# Exercise requirements
For the material below, set down exactly the lines between the one containing "סיגל וירדן ביבס" and the last line, both included, leaving every picture out.

# The data
= = = =

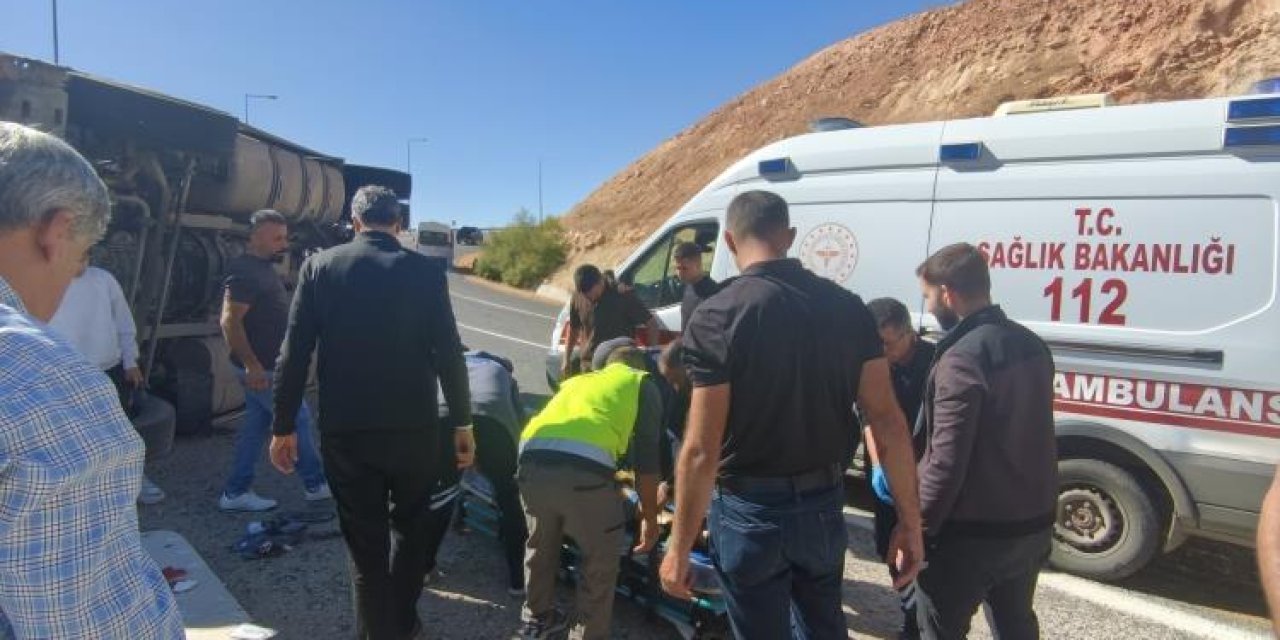 Şırnak-Eruh yolunda tır devrildi: 1 kişi ağır yaralandı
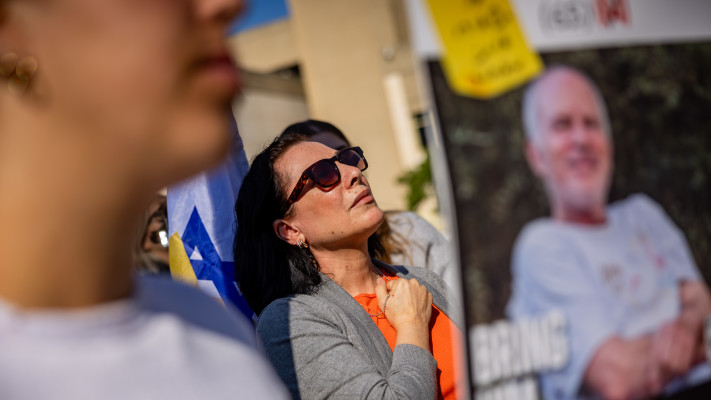 \'\'חייבים לצמצם זמנים, להחזיר יותר חטופים. הם עוברים גיהנום\'\'. ישראלים בכיכר החטופים צופים בשחרור עופר קלדרון, קית' סיגל וירדן ביבס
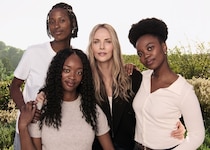 【国際女性デー】シャーリーズ・セロンが伝える南アフリカの女性たちの声。癒やしが未来をつくる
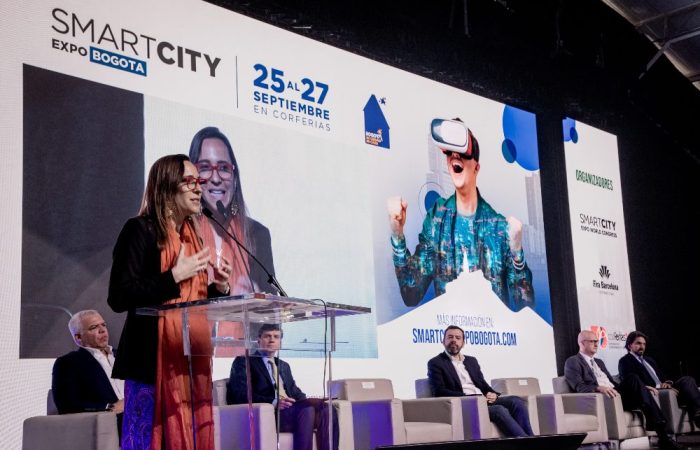 Imagen de secretaria, Marìa del Pilar Lòpez Uribe, en Smart City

= = = =

# Exercise output
 \'\'חייבים לצמצם זמנים, להחזיר יותר חטופים. הם עוברים גיהנום\'\'. ישראלים בכיכר החטופים צופים בשחרור עופר קלדרון, קית' סיגל וירדן ביבס
 【国際女性デー】シャーリーズ・セロンが伝える南アフリカの女性たちの声。癒やしが未来をつくる
 Imagen de secretaria, Marìa del Pilar Lòpez Uribe, en Smart City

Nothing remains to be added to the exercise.